Gray studied military texts every evening in the Club premises in Queen's Street. The members of the Club also tried recruiting from English regiments, stationed in Ireland. The Swift Confederate Club was very frustrated when the Confederate leaders came to the decision not to attempt the rescue of John Mitchel before his transportation.

==1848 Rebellion==
While William Smith O'Brien attempted to arouse a Rebellion in the South of Ireland, Gray tried to instigate an insurrection in County Meath, and failing, left his position in the Railway office in Drogheda and made his way to County Tipperary. After the failure at Ballingarry on 29 July 1848, he joined up with John O'Mahony, who entrusted the command of the County Waterford insurgents to John Savage and Gray. He was involved in an attack on the Portlaw police barracks. O'Mahony described Gray years later as the most indomitable man he met in 1848.

Gray underwent many hardships while eluding capture by both the police and military in County Waterford for four months in the autumn and early winter of 1848. Hiding out in the Knockmealdown and Comeragh Mountains. He worked to form a secret society pledged to Irish independence in the valley of the Suir. He then returned to Dublin, where he put a lot of his old friends from the Swift Confederate Club under oath, and was reputed to have had a thousand members in Dublin alone after which he escaped to France. While in France he met up again with O'Mahony and Stephens.

==Returns to Ireland==
He returned in 1849 and was again an active agent in organising another out-break in the autumn of that year in the company of James Fintan Lalor, having established a secret military society. They were then joined by Luby, Joseph Brennan and a dozen other members who had been active in the Swift Confederate Club, who met with Gray near Rathmines' church, Dublin, and joined the Society. Lalor had attempted in a letter to persuade Charles Gavan Duffy to join with them, but Gavan Duffy informed him that he would have no hand, act or part in any secret society, and attempted to dissuade Lalor from participation in such societies.

==1849 Rising==
The attack on the police barracks at Cappoquin took place that September, and was to signal the end of that Insurrectionary movement.

==The Tribune==
Gray returned to Dublin, and secured a clerkship at an office in Smithfield, and afterwards held a position in the office of The Tribune, which was established by John Edward Pigot, the son of David Richard Pigot, the Roman Catholic Lord Chief Baron of the Exchequer Rev. John Kenyon, Prof. Sullivan, Thomas Mason Jones, Denny Lane, John O'Donnell, Ryan of Bruree, and others, with Thomas Wallis and John Fisher Murray as contributors, with Thomas Clarke Luby as sub-editor. This account is somewhat contradicted by Robert Kee, who suggests that the paper belonged to Philip Gray.

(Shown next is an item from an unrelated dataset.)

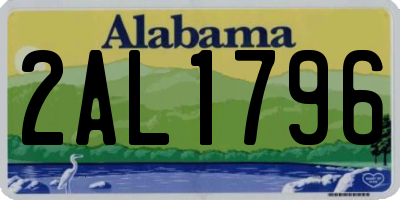 AL license plate 2AL1796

James Stephens returned to Ireland in 1856, an Ireland in which, suggests Robert Kee, virtually the only nationalist thinking was in the new newspaper, The Tribune. The paper was the only one which was analysing the demand for Tenant Rights, and maintained that the real demand was for something much more fundamental than that. The paper, Kee writes, "that a landlord had a right to do what he would with his own but asked whether the land really was the landlord's own." Quoting from the paper he continues "The truth is" (it declared in italics), "that all the land of Ireland belongs to the people of Ireland, in the aggregate, to be distributed and made use of just so as best may serve the happiness, prosperity, peace and security of the People of Ireland."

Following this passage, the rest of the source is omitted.